1. You don't have to use brown lentils. 2. I add some of the herbs during the simmering process. You can also add a couple of fresh basil leaves; it all depends on personal preference. 3. The dish shouldn't turn out dry, so don't hesitate to add water if the lentils are not yet cooked. Just add a little at a time to avoid overshooting.

Ingredients

  • Black Beluga Lentils 15 oz
  • Tomatoes 2 pieces
  • Onion 1 head
  • Crushed Tomatoes in Their Own Juice 15 oz
  • Garlic 3 cloves
  • Parsley 1 bunch
  • Dill ½ bunches
  • Olive Oil to taste
  • Salt to taste
  • Ground Black Pepper to taste
  • Black Cumin (Cumin) to taste
  • Fresh basil leaves to taste
  • Spices to taste
  • Water 1 glass
  • Cilantro 1 bunch

Step-by-Step Guide

Step 1

Finely chop the onion and garlic.

Step 2

Heat a large skillet (preferably a wok) over medium heat, and sauté the onion and garlic in olive oil for about 3 minutes, stirring occasionally.

Step 3

If necessary, peel the tomatoes from their juice and add them to the skillet.

Step 4

Make a crosswise incision on the fresh tomatoes and immerse them in boiling water for about 5 seconds.

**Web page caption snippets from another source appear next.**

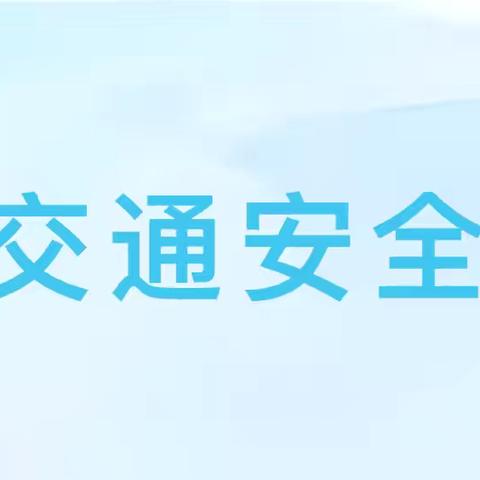 【故事播报】安全教育——西塘名苑幼儿园交通安全教育故事分享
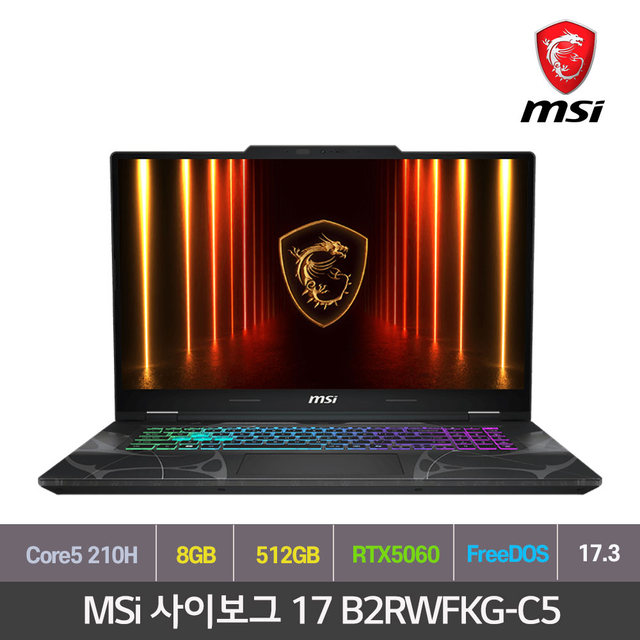 MSI 사이보그 17 B2RWFKG-C5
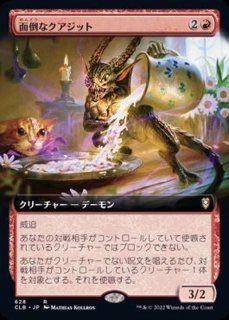 千の顔の逆嶋/Sakashima of a Thousand Faces《日本語》【CMR】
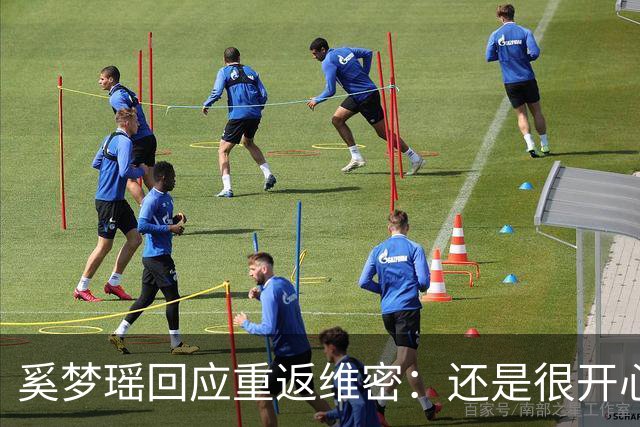 奚梦瑶回应重返维密：还是很开心的，对我来说也是一个回归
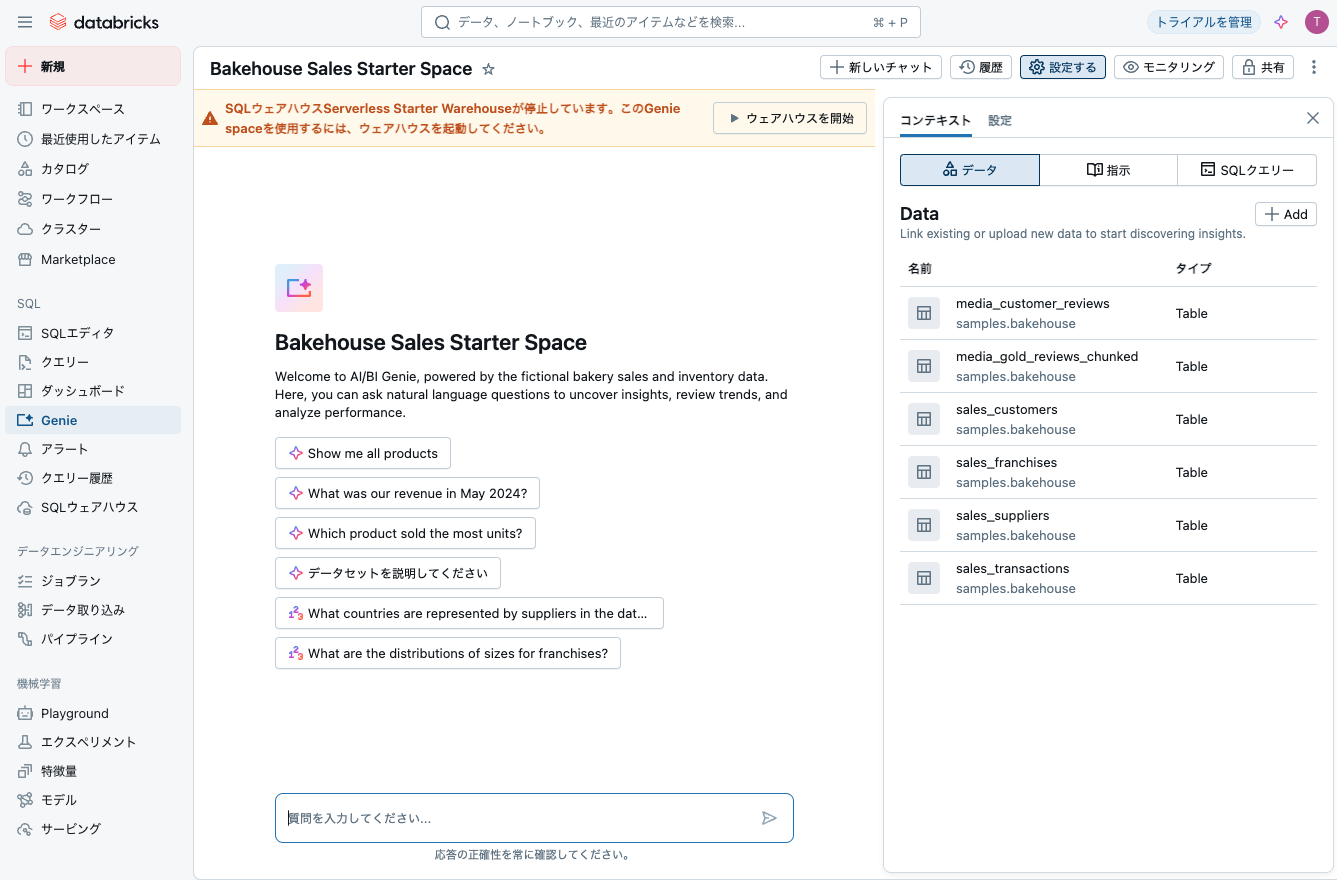 Screenshot 2025-04-24 at 17.29.36.png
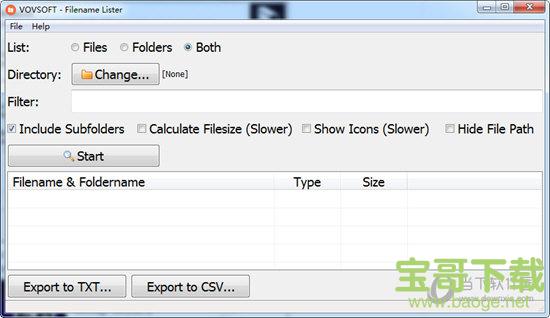 Filename Lister v2.5.0.0 官方版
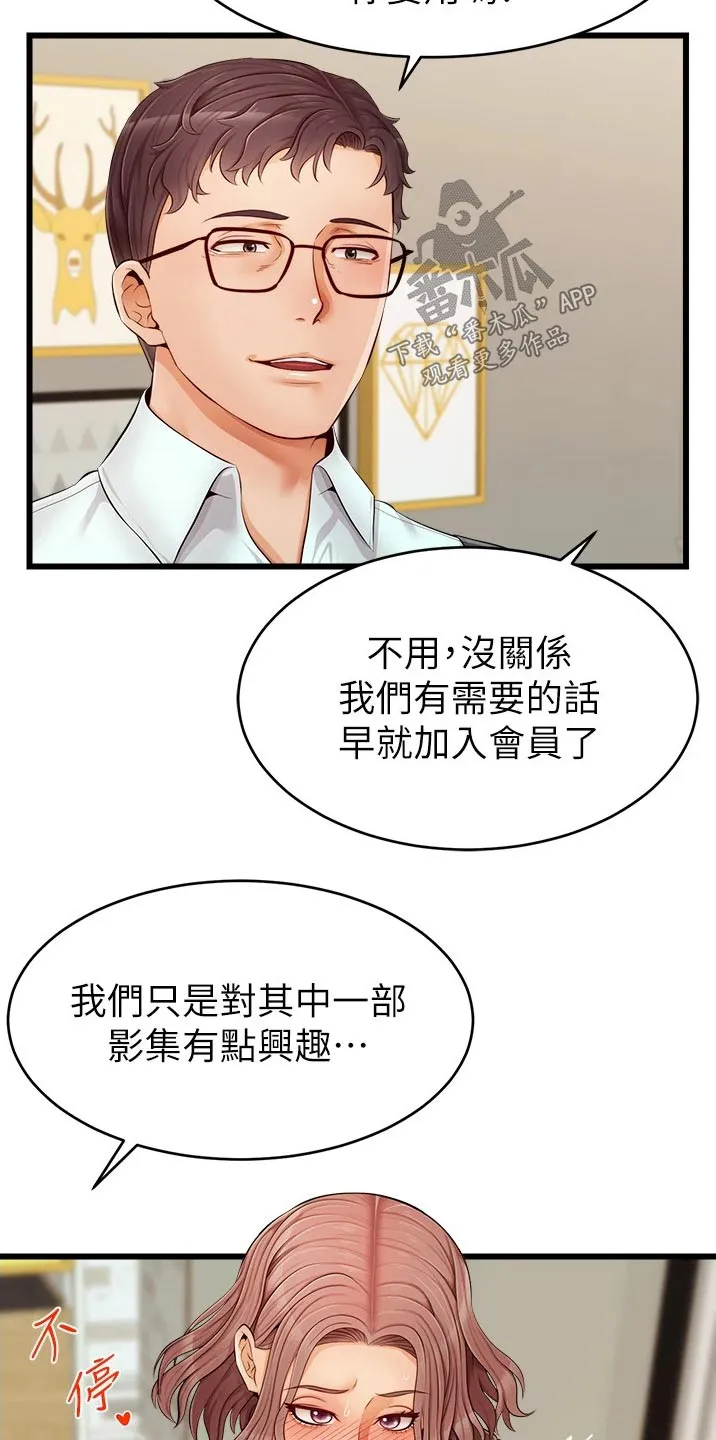 家人漫画图片漫画,第22章：口是心非11图
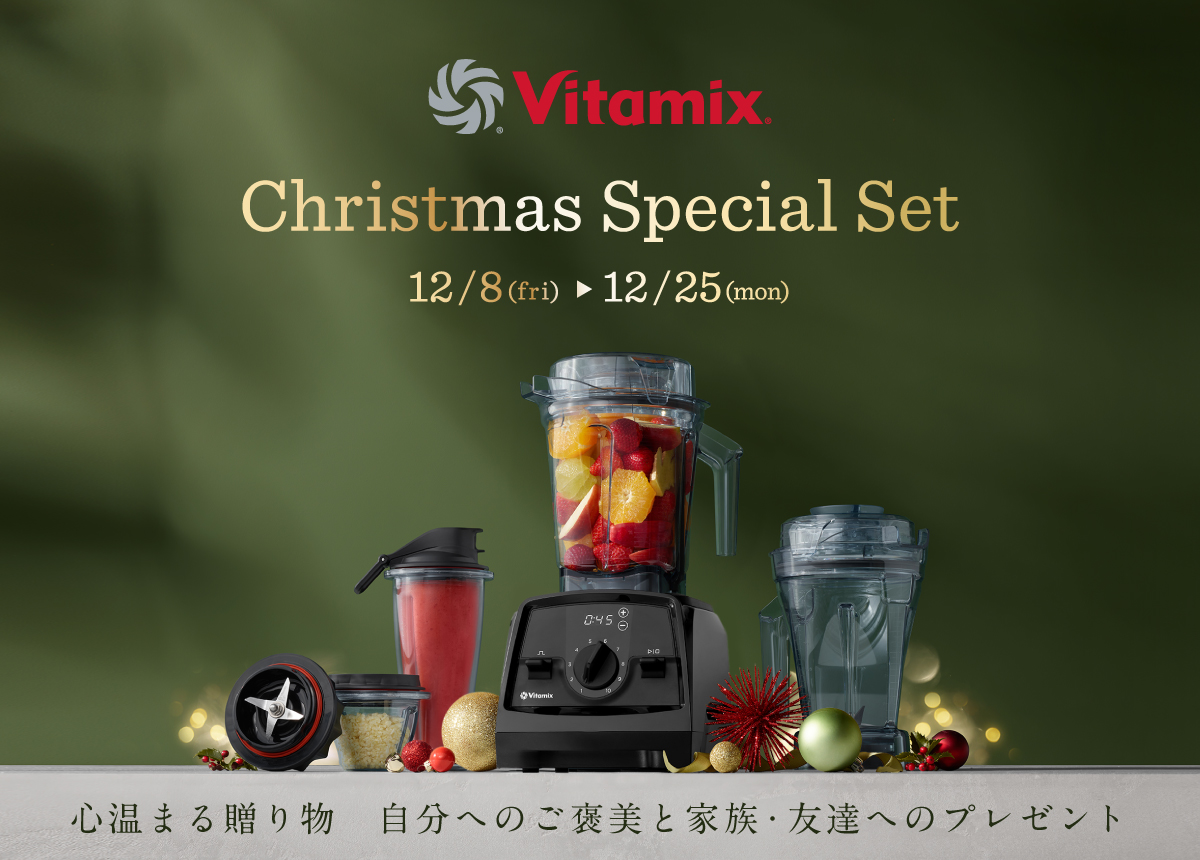 Vitamix クリスマス限定セット | インテリア雑貨通販／アントレスクエア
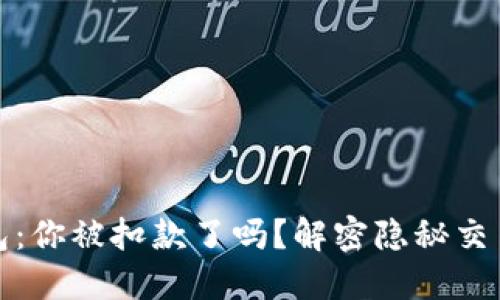 数字钱包：你被扣款了吗？解密隐秘交易的背后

Remove the skin, chop the tomatoes finely, and add them to the skillet.

Step 5

Add pepper, cumin, basil, and spices to taste. Mix everything together.

Step 6

Add the lentils directly to the skillet without any pre-treatment, mix everything thoroughly, then add 1 cup of room temperature water, season with salt, bring to a boil, and simmer over medium heat until the lentils are fully cooked. If needed, add more water during the cooking process.

Step 7

Finely chop the parsley, dill, and cilantro.

Step 8

Remove the lentils from the heat, add the chopped herbs, stir, cover with a lid, and let sit for a few minutes.

Step 9

Place the lentils on a plate and garnish with fresh herbs.